Marseillan or à la recherche du temps perdu

It is my theory that small harbor towns and seaside villages all over Europe are much alike. They smell of brine & seaweed and diesel fuel and they’re all a little shabby. But most of all, they generate music, if only to my ears. The rhythmic sounds of gently lapping wavelets against stone piers, the sharp tattoo of rigging snapping against masts and yards in the ever blowing breezes, mingling with the occasional, lazy putt-putt of a two-stroke outboard engine, which may drown out the flapping of gull’s wings, but never their piercing cries. Being a sailor at heart, I close my eyes, inhale deeply, listen closely and feel at home, irrespective of actual location.

‘Remembrance of Things Past’ is a fitting title for our recent excursion to Marseillan, a formerly sleepy fishing village on a vast saltwater lagoon called Étang de Thau, in spitting distance to the Mediterranean Sea.
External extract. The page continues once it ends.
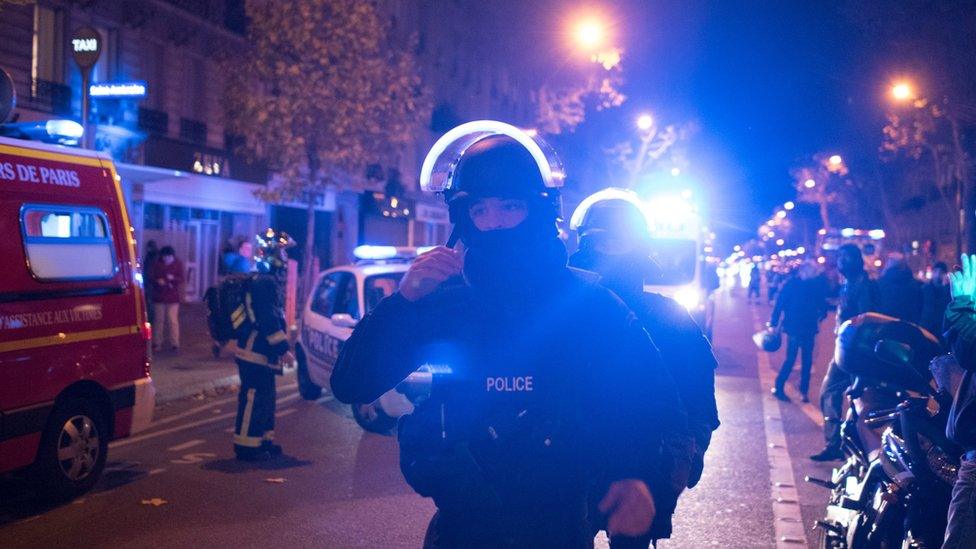 Elite police officers arrive outside the Bataclan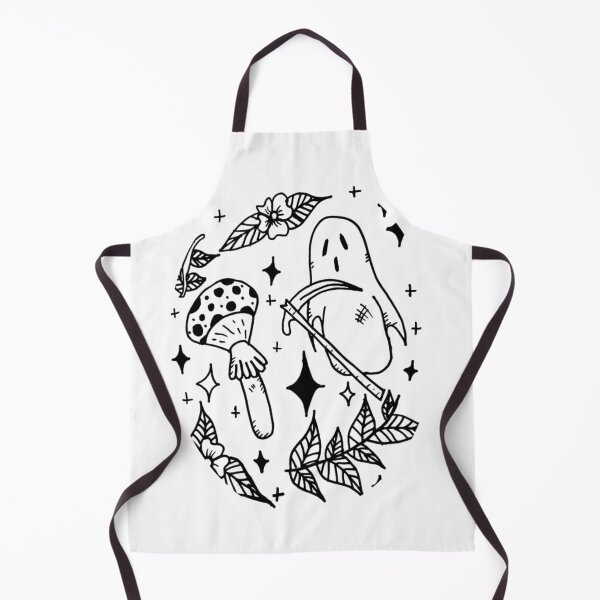 Item preview, Grayscale Ghost With Scythe Mushrooms And Flowers Tattoo Style designed and sold by KayTurtless.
I was there last more than 45 years ago, and let me tell you – it has changed big time! While all these years have left their immutable marks on me, Marseillan has rejuvenated itself, has cleaned up, spruced up and painted its walls in fresh coats of soft pastel colors. Marseillan’s polished appearance was a big surprise to me.

Marseillan, Agde, Cap d’Agde and Sète are well known coastal destinations near Béziers in Hérault. The famous Canal du Midi terminates here, Cap d’Agde hosts the world’s largest nudist camp and the d’Étang de Thau provides enough oysters to keep everyone going – a typical Mediterranean coastal paradise, which we wanted to see with our visiting friends. And I was curious if I would recognize any of it after such a long time. Thanks to my phone’s GPS directions we quickly found a handy parking lot right next to a very posh apartment building under construction.


As I was eager to see the old harbor again and we were all hungry, we set off for the waterfront in search of a restaurant.

The yacht harbor









We have had several recommendations for a place called La Ferme Marine, where one gorges oneself on a never-ending supply of raw & prepared seafood.  But since two in our party were neither enthusiastic oyster lovers nor sea snail aficionados, we picked the lovely La Pacheline for our lunch instead.

From the glass-enclosed terrace of La Pacheline, I had a clear view across the old harbor to the hotel in which we stayed all those decades ago. The hotel and the harbor for that matter looked exactly as I remembered it, yet not. The large Haussmann style ‘Maison Maître’, being the tallest building on the block, was easy to identify. Even the blue doors and wrought iron railings were the same. But it looked like this entire section of town had received a facelift of major proportions. Where there had been a dusty, grungy old fishing pier waterfront, everything was now fresh-out-of-the-dishwasher sparkling clean and shiny.

Lunch at La Pacheline – delicious!

Somewhat disconcerting. But a delicious lunch with a glass of wine allowed for emotional adjustment to the new & improved Marseillan. After lunch, we took a leisurely walk around the harbor area, enjoying the sights, as well as some fun shops, along the way.

Such beauty. When we stayed here, it was just the old harbor hotel and the blue was faded and dull. But the rooms were very large, with high ceilings, thus comfortable in the summer heat. The hotel closed many years ago, a nearby shop owner told me. The renovated building was apparently turned into charming apartments – indubitably very expensive charming apartments! The ground floor, where the hotel dining room used to be, is now a highly rated restaurant aptly called ‘Le Château du Port’.



This door, formerly the entrance to the hotel, I remember especially well. During our vacation back then, we suffered, and I mean that literally, through a couple of days of Sirocco. This almost hurricane force wind carries sand from the Sahara desert to southern Europe’s coastal regions. The sand penetrates everywhere and sandblasts your skin quite painfully. It’s impossible to enjoy any outdoor activity during a Sirocco, but we must have been out anyway, because I remember, how unpleasant it was to have sandy grit between your teeth and sand-caked eyelids. Upon returning to the hotel, it took two people, jointly using their combined body weight, to push that big, blue door shut against the force of the wind. 

A well-loved tourist destination in Marseillan is the Noilly Prat distillery. We casually strolled into their visitor center, checking out displays, when we were politely asked to leave. We hadn’t bought any tickets for the guided tour, you see. Of course, we immediately stumbled into their sales room just a block down the road.

old vats
The slightly outdated filing system

Just walking around the town was great fun,

until it was time to return to the car for the journey back to Pézenas.